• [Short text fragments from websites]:
*-*-*
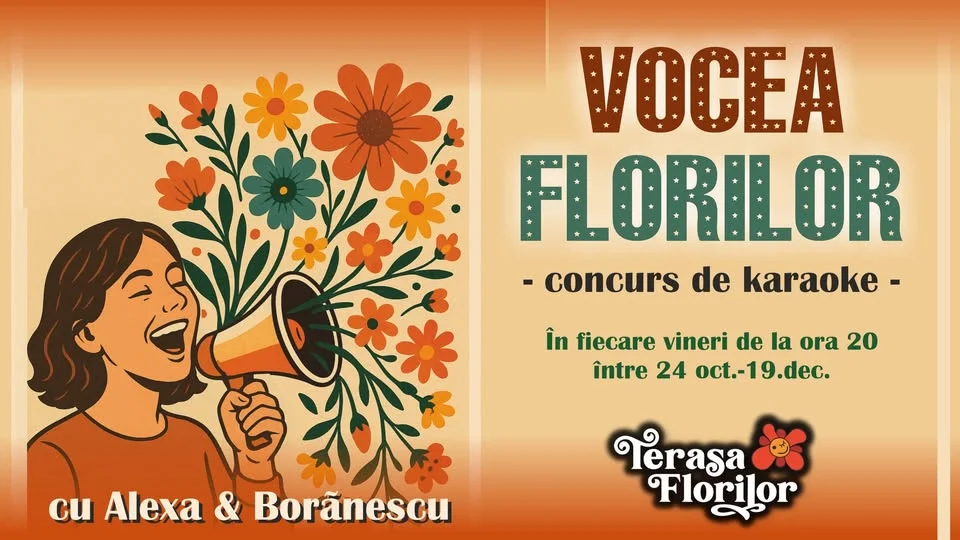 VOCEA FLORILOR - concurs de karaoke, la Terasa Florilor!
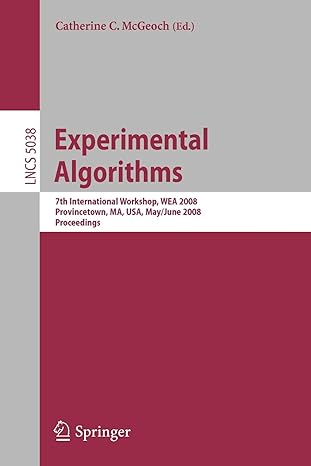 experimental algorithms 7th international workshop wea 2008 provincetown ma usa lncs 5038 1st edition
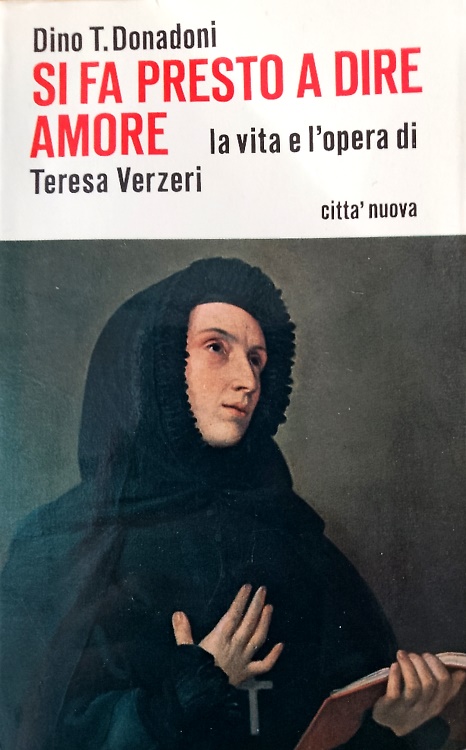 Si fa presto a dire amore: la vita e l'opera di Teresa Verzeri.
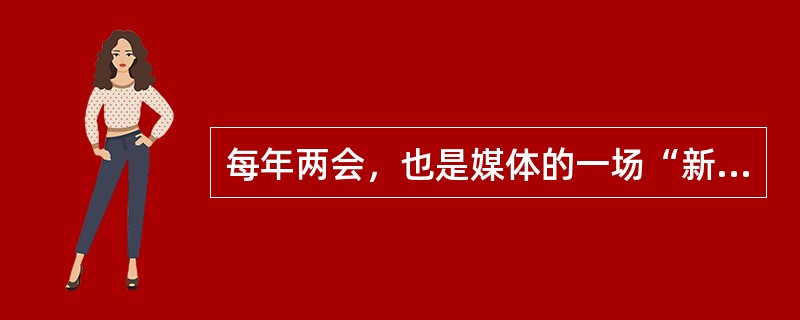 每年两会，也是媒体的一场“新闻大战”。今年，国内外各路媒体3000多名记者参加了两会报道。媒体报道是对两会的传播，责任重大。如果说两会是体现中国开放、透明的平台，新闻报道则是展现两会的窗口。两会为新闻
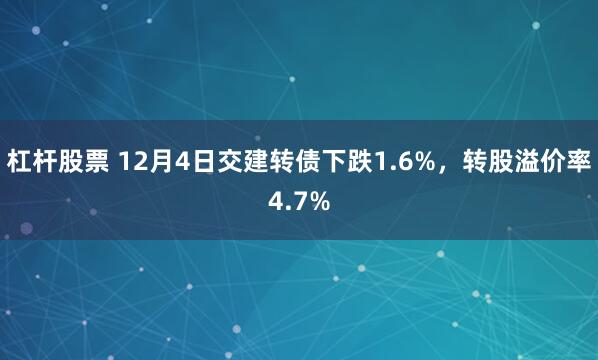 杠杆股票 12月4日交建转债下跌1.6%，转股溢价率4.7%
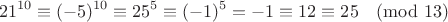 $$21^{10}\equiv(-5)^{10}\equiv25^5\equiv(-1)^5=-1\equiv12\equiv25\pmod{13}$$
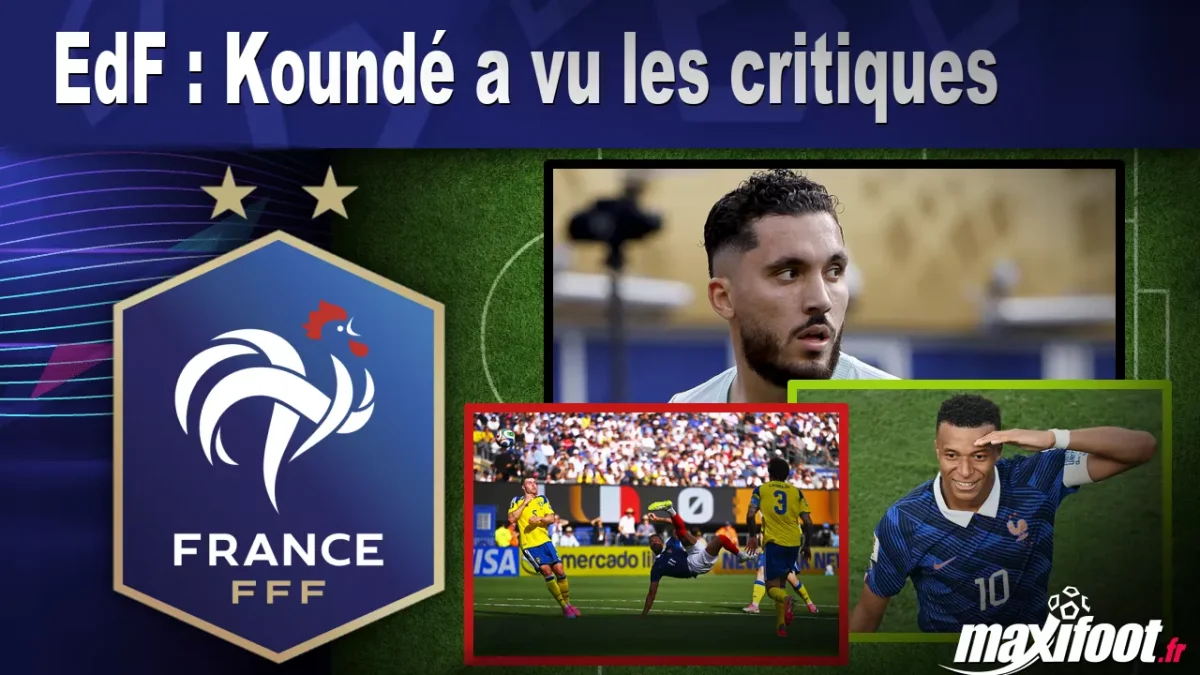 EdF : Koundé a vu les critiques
*-*-*
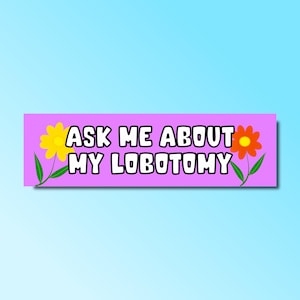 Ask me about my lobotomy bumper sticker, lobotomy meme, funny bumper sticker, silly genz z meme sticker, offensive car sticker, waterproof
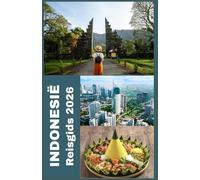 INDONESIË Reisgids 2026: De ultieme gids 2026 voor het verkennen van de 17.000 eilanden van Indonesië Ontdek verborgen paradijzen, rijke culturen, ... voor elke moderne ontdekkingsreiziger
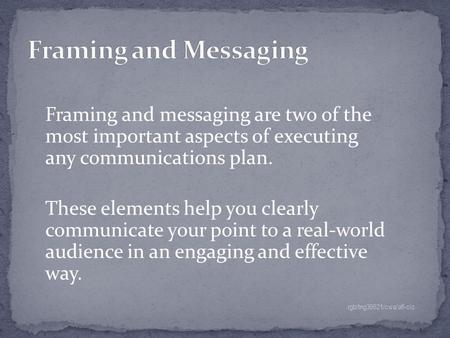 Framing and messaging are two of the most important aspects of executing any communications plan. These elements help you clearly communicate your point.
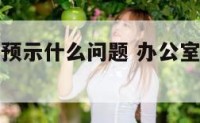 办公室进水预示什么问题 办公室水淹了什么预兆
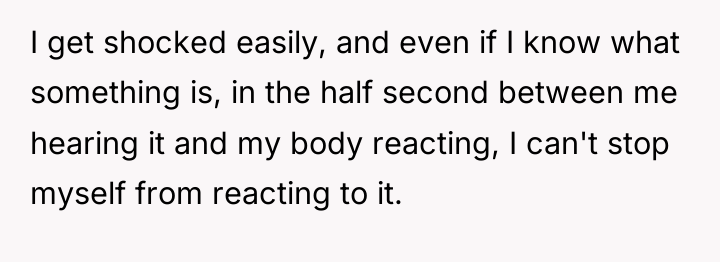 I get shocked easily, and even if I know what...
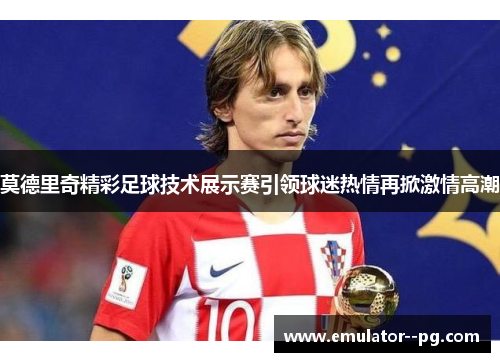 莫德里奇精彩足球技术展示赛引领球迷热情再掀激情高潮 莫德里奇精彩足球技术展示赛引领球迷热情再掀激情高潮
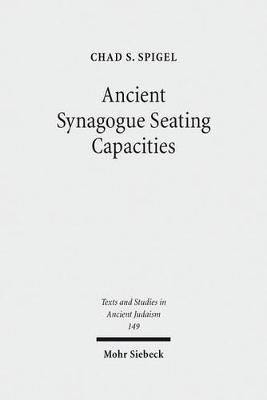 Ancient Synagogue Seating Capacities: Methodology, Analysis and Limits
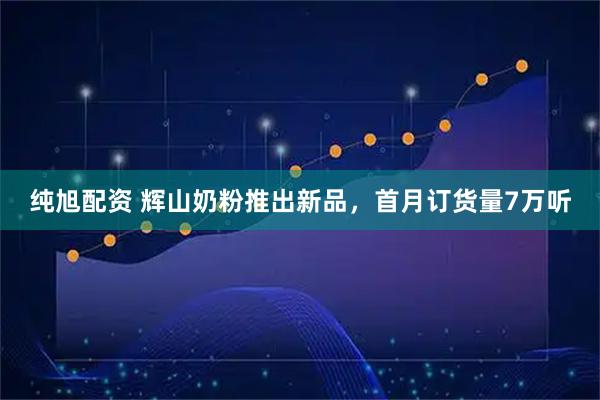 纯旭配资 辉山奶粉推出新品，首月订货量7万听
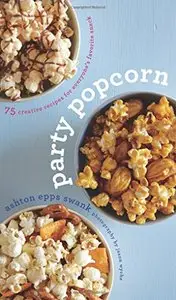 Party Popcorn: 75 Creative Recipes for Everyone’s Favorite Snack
*-*-*
• [Brief]:
What you write out is the stretch of entries from the line containing "纯旭配资 辉山奶粉推出新品，首月订货量7万听" to the line containing "Party Popcorn: 75", word for word, with both end lines and no pictures.

• [Task response]:
 纯旭配资 辉山奶粉推出新品，首月订货量7万听
 Party Popcorn: 75 Creative Recipes for Everyone’s Favorite Snack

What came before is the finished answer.